Barrel tasting is just like it sounds. You taste wine directly from the barrel. They use what is called a "wine thief" but to me it is nothing more than a giant pipet. Tasting wine at the barrel stage gives you a good idea as to what to expect from the finished product. It has not fully aged in the barrel, nor has it been blended, but if it doesn't taste good from the barrel, it will not taste good in a bottle.

Here is Ed Scherrer, the winemaker's father, pouring Zinfandel.

The first time we ever did a barrel tasting was with Fred's wines, and we stumbled upon it by accident when we had friends in from out of town and visited Dehlinger Winery.
Fred used to be their winemaker and was allowed to have tastings and sell futures in wine he made from grapes his grandfather planted.

I remember tasting the Old and Mature Vines Zinfandel for the first time and thinking the wine tasted like raspberry jam.

This year, his Shale Terrace Zinfandel had the intense flavor of black cherries. I know that it is going to be fabulous.

Here's my husband talking with Fred Scherrer.

Good wine should always be paired with good food. Here are some of the nibbles that were set out to better enjoy the fruits of the vine. In case you cannot read the print on the placard it reads: morels with bacon and shallots.

This next platter has braised lamb shoulder with chick peas and peppers.

The Scherrer Winery is a family business.
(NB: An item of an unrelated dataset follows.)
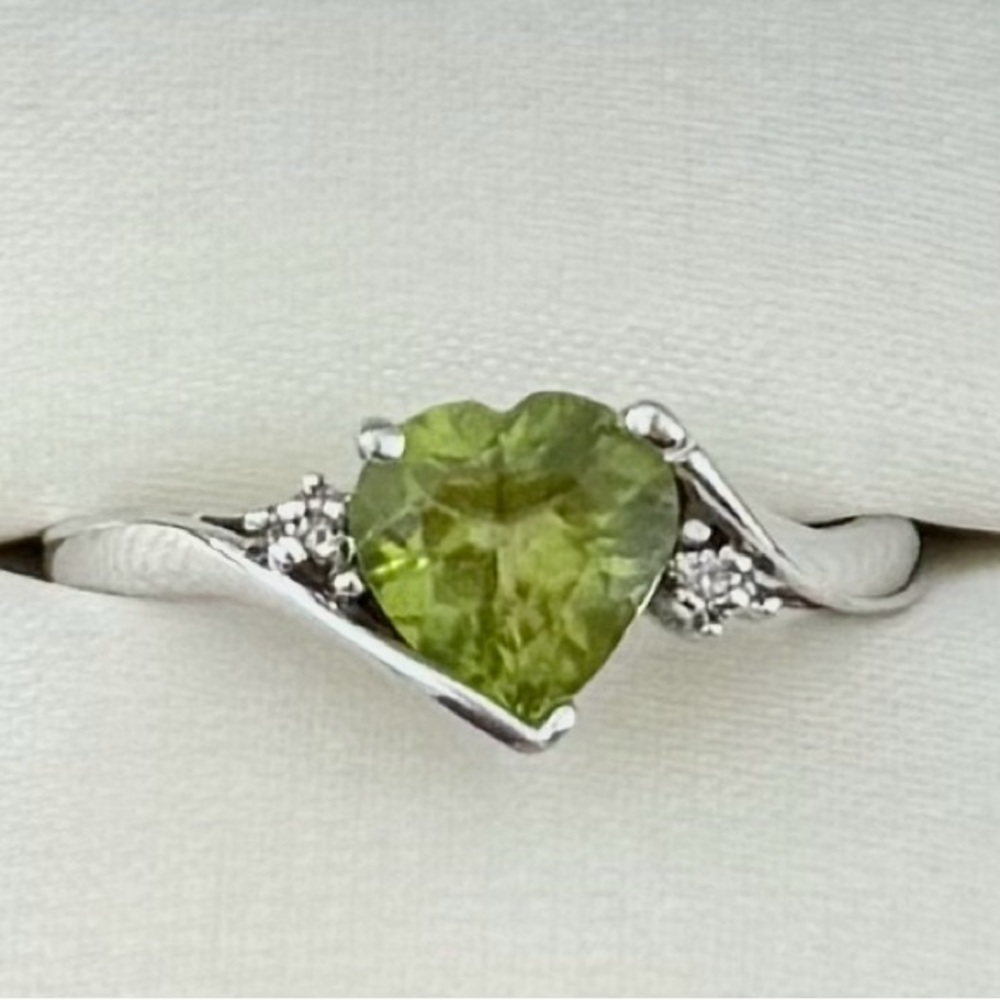 Solid 10K White Gold Heart Cut Peridot & Natural Diamond Ring - Size 6.5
Fred's wife Judi helps with the day-to-day office work and shipping of wine to consumers. Here is a picture of Fred's mother and wife handling the finances of the day.

The Scherrers have their priorities straight and they don't waste money on adorning their facility with aesthetically pleasing, but nonfunctional decorations. Nope, the winery is designed for the creation and storage of wine. Period.
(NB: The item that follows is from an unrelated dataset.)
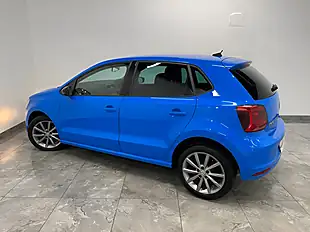 Used 2015 Volkswagen Polo Se Design Blue - Interior and Exterior details 6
The metallic insulation you can see on the walls and ceiling is to maintain a constant cool temperature.

If you look closely at the wine boxes you will see that they are stored upside down. That is to keep the corks wet, so that they do not rot.

And because it is a family winery, during their open houses there are kids running around playing hide and seek. You will also see the family dogs. Both pooches have signs on their collars saying "no food" trying to avoid people from succumbing to the power of begging eyes.

There is even a display of Evelyn Scherrer's artwork for sale for you to consider buying while you are sipping and swirling the wine.

Scott was so inspired by the appetizers of morel mushrooms, bacon and shallots that once we returned home he did his best to replicate it for our dinner guests that evening.

Here is the result.

The rest of the spread includes smoked trout, sour dough baguette slices, green table grapes, and a Sonoma County Chardonnay.

I shall stop here in my subtle or not so subtle attempt in trying to make people envious of where I am fortunate enough to live. However, I would like to point out a story on the front page of my local paper today was about tourism in Sonoma County. Specifically foreign tourists who are taking advantage of the weak U.S. dollar and enjoying themselves while they are here.

So for any European readers of this blog who are planning a trip to California, you should consider visiting Sonoma County as well as San Francisco. Sonoma County is home to over one hundred vineyards, redwood forests, the glorious Sonoma Coastline, the northernmost mission of the California Mission system, the site of Alfred Hitchcock's The Birds and Jack London's infamous Wolf House ruins.

For those wondering if anyone stomps on grapes anymore during the harvest...that's really only done as a competition in the annual Sonoma County Harvest Fair.